By the late '90s Morrowind was 3D and became famous for exploiting three-dimensionality to its fullest, not only through the (for the time) lush visuals in the player's immediate vicinity but for allowing the player to choose his vicinity. The sights you saw were a function of the sites you decided to see to. Explore dwarven or demonic ruins, big cities or untamed wildernesses, uphill or downhill, caves or peaks, rooftops or sewers, it was adventure a la carte. Exploration. Remember that word?


The Elder Scrolls series made its name via its relatively freeform nature. Anyplace might be worth visiting. You followed verbal directions (reading! what a chore, amirite, Generation Facebook?) to some minor location or another which was rumored to house something interesting... and it just might. That little door in the side of a hill might lead you to a ghost story, a magic sword or the last living dwarf, or the hill itself might give you the best view of Tel Aruhn. Up to you to find out.

Several years later Oblivion played up its technological advantage pushing the world fog out past the horizon, allowing the player to view nearly the entire game map from a few choice locations, by actually sending you up into the mountains through the main quest... but that location was not the only one with a good view. Peaks rose above it, with a minor pilgrim's path connected by bridges leading to a minor Daedric quest, and arguably the best vantage point in the game was to the east, the stuff of mere rumors bandied about town, a precipice marked only by a tent and a depressing journal.

The view of Skyrim which started this post is the view of Skyrim. There's a mountain in the middle of the game and the 3D map makes it rather obvious that this is the highest vantage point available providing a 360 view of the world. Had they left it at that it may have been a laudable optional objective, an obvious challenge for any explorer, an Everest to climb simply because it's there. The pioneering spirit, however, is nowhere to be found in modern big-budget video games, either on the developer or the customer side. The mindless rabble demand their stupidity be rewarded and endorphin-pushers are only too happy to provide undeserved validation. As with the overdone introduction and slaying a dragon before you're even out of diapers, this is just one more gimmie.

You're sent up the mountain by the third quest in the main plotline, just like that. Just like that, there's even a conveniently terraced highway leading right to the top, complete with tourist markers. It's Goblin Mountain all over again. What's worse, the top of the mountain, the top of the top of the highest point in the game, is also barred by your progression through the main quest, following the operant conditioning nightmare so entrenched by WoW-clone and Steam achievement mechanics: every reward is tied into obediently following linear instructions and new rewards are constantly dangled before you, contingent on following a longer but no less linear path.

Players are now too stupid to find their own objectives, too insecure to find they've missed something, too shortsighted to make plans, too narrowminded for a sense of perspective. Choice and challenge are dirty words.

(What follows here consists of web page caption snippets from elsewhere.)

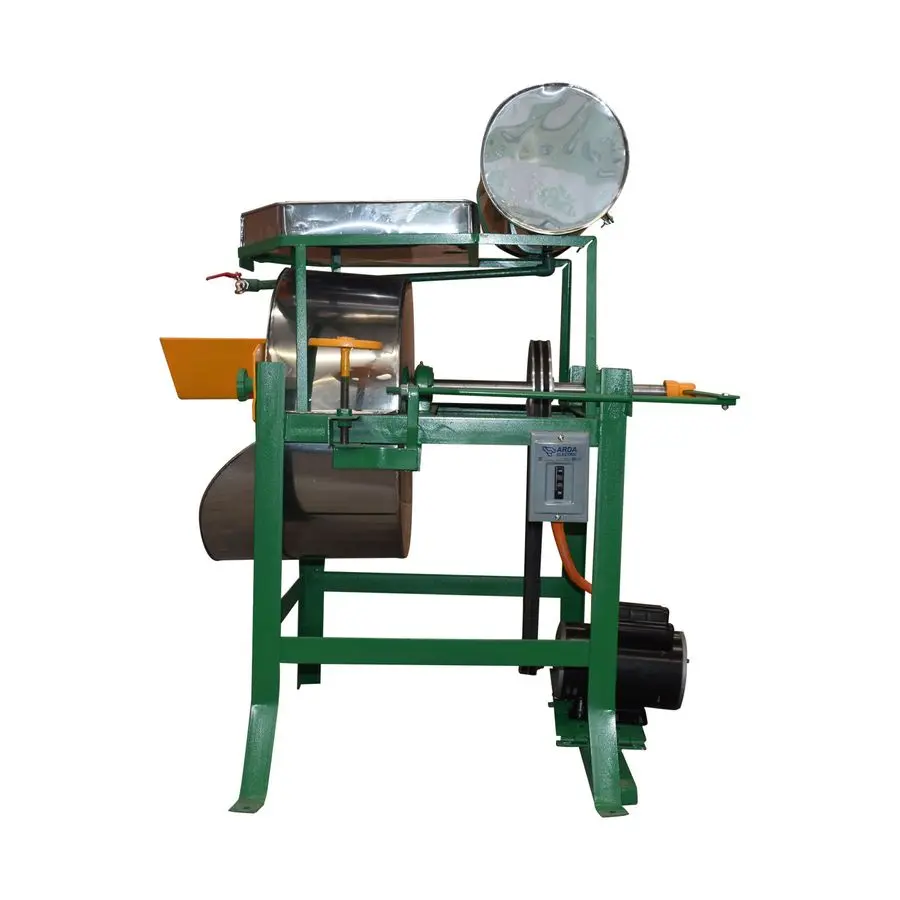 Rayken rkdjw2 desintegrador de maíz junior acero inoxidable c/motor 2 hp con Garantí de 1 ño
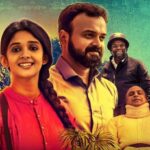 Nyla Usha Instagram - 3 days to go These beautiful people from Diwanjimoola will be in the theatres near you from 5th Jan. Can’t contain my excitement ... Happy new year everyone... #DiwanjimoolaGrandprix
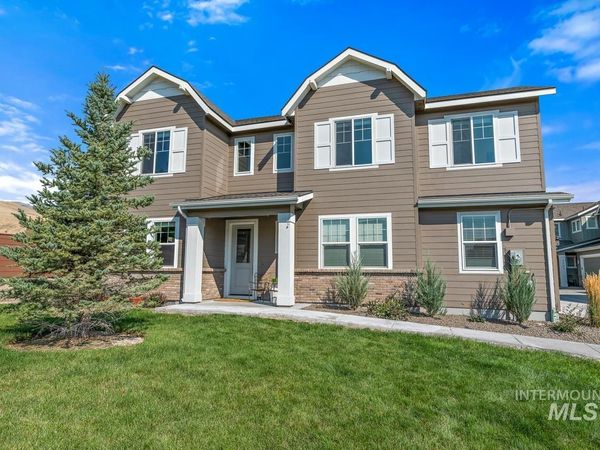 2852 S Shady Lane, Boise, ID 83716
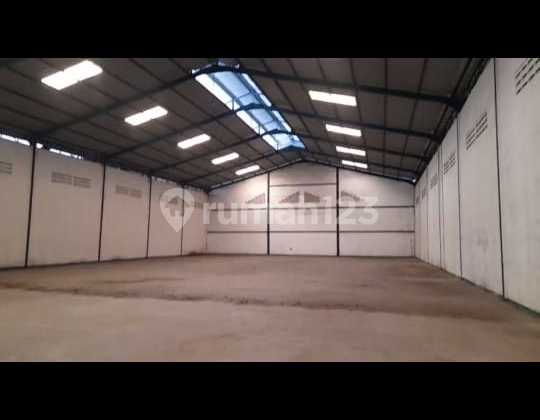 Gudang Gerbang Bersama Balaraja Disewakan Murah Gudang Gerbang Bersama Balaraja Disewakan Murah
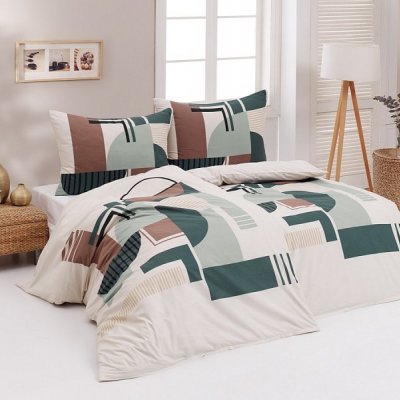 Bavlnené posteľné návliečky Barbados Matějovský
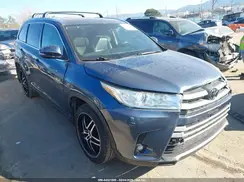 5TDJZRFH2HS403546 2017 TOYOTA HIGHLANDER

Morrowind was not actually the most freeform game out there but it did sufficiently embody the concept to serve as a point of reference for the distinction between theme park and sandbox for much of the RPG / MMO fanbase. So even though I already knew The Elder Scrolls Online was a shameless WoW-clone, it's still sad to see that even its immediate predecessor had already given up the ghost, given in to the current dogma of market control. Skyrim is bearable, but given the series' constant decline I will not be buying The Elder Scrolls 6. So where to now?

"You say we're going to move somewhere with neighbours less crazy
You know I'm going to be there 'cause I trust my baby"

Mount & Blade 2 cannot arrive quickly enough, and I hope it has mountains.